修学旅行研究会(修旅研、代表=廣渕徹志・横浜市立西本郷中学校長)の今年度第3回研究会が昨年11月20日、横浜市立横浜吉田中学校で開催され、今年度実施された航空機利用による市立中3校の北海道、九州、沖縄への修学旅行の事例発表が行われた。諸物価、燃料代等の高騰が続く一方、急激なインバウンドの拡大でオーバーツーリズムが発生するなど、教育旅行には厳しい現状だが、生徒たちの好奇心や学びを刺激する教育旅行への、熱意がこめられた実践だった。
航空機を利用した3校が事例を報告した
上郷中学校は昨年6月、北海道で2泊3日の修学旅行を実施。併設型小中学校で、9年間を通す独自教科「いきる科」を設定。地域から課題を発見し解決への手段を調べ発表し後輩に伝える。4クラスをバス3台に詰め込む等の努力で費用を抑え、7万2000円で収められたという。勝俊一校長が報告した。
早渕中学校は昨年6月、九州(長崎着・佐賀を経由・福岡発)の修学旅行を2泊3日で実施。佐賀の2泊目は民泊体験を組み入れ、生徒は49家庭に分宿。「現地のお父さんお母さんとの触れ合いを大事にしたいため、あえて教員の巡回をせず各家庭にお任せした」と小田切敦校長。長崎での平和学習は、オンラインの事前学習で長崎語り部から学び、現地での時間を有効活用するなどの工夫で、学校から空港の往復はバスを利用したが旅行費用は6万7000円に収められた。

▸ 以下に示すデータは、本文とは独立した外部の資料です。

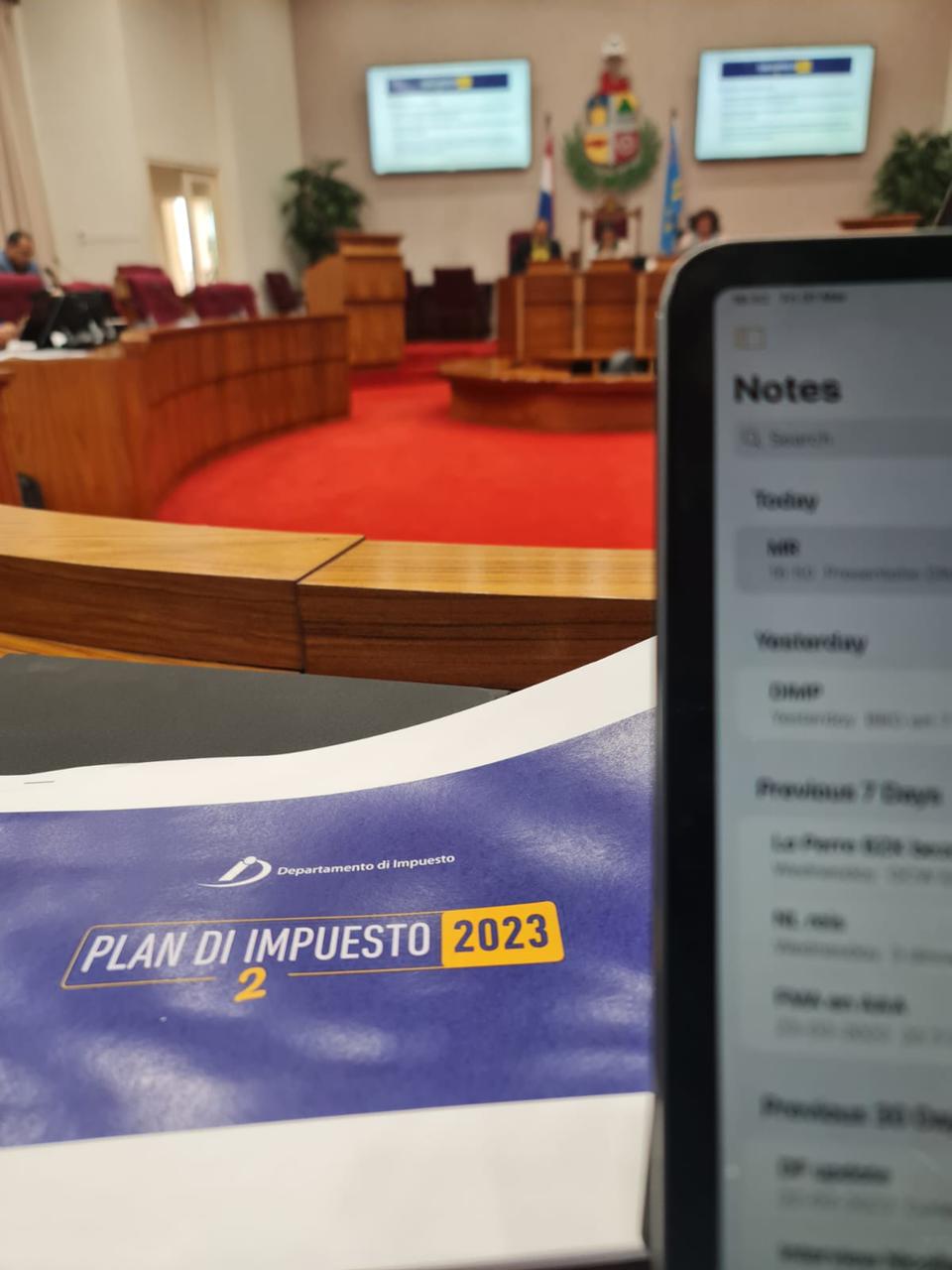 Minister Maduro A Brinda Informacion Riba Bbo Na Frontera Na Comision Financiero Di Parlamento 2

南中学校は昨年5月、平和学習と現地中学生との同世代交流を主軸とした沖縄修学旅行を実施。そのあらましを藤宮学校長が報告した。1945年5月の横浜大空襲の被災者住宅に隣接して開校した同校。校区には空襲で亡くなった人を慰霊する平和祈念碑もある。そのような地域の歴史を学ぶことから、平和学習は全校をあげての道徳に位置付け。沖縄県人会を通じ現地の中学校とは早くから交流があり、オンラインで交流が深められた。修学旅行での対面では一緒に料理を作り、民謡を踊った。同世代が語る平和への言葉がささったという。